Reproduce the records. Keep every word exact and include no images.

_Input data_
--- START ---

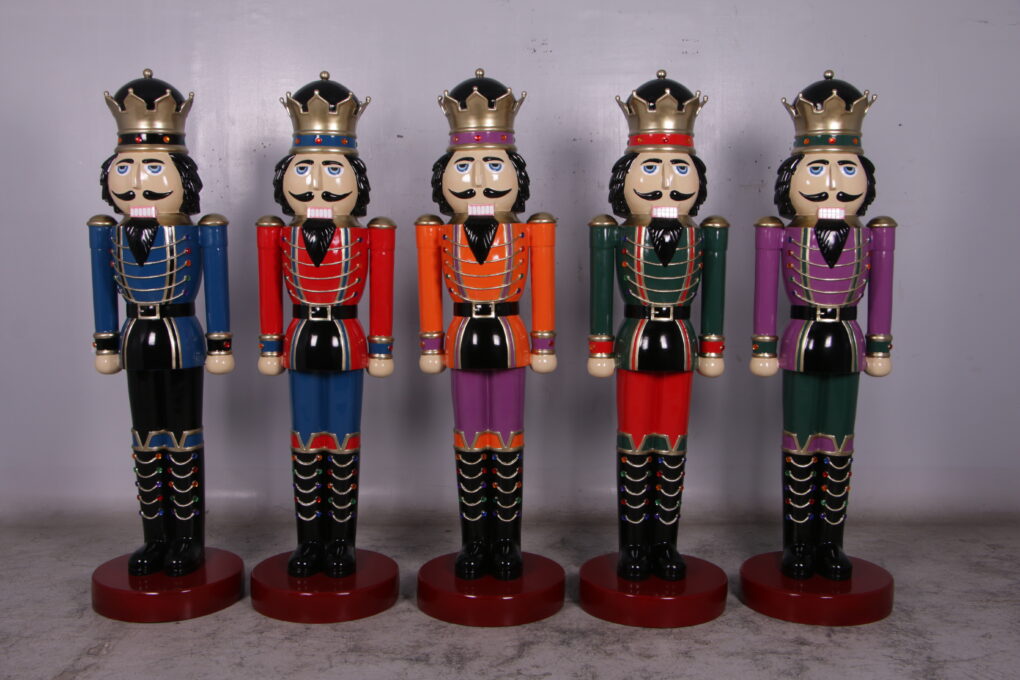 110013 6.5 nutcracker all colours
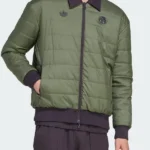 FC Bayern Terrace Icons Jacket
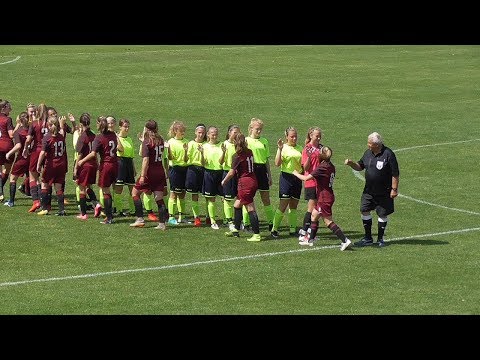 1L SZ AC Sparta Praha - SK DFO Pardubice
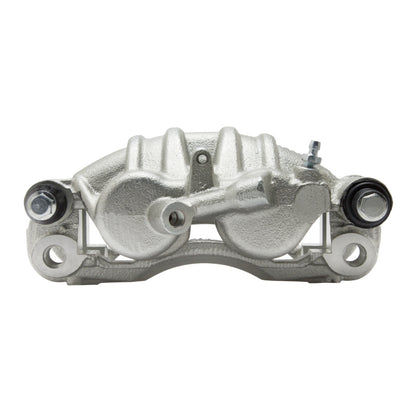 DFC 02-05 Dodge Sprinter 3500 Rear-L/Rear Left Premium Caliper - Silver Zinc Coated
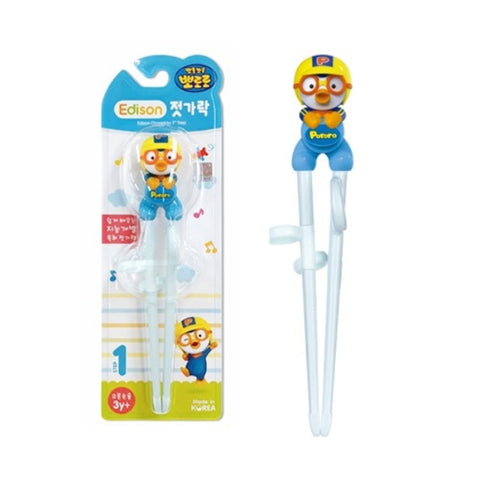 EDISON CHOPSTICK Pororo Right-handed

--- END ---

_Answer area_
 110013 6.5 nutcracker all colours
 FC Bayern Terrace Icons Jacket
 1L SZ AC Sparta Praha - SK DFO Pardubice
 DFC 02-05 Dodge Sprinter 3500 Rear-L/Rear Left Premium Caliper - Silver Zinc Coated
 EDISON CHOPSTICK Pororo Right-handed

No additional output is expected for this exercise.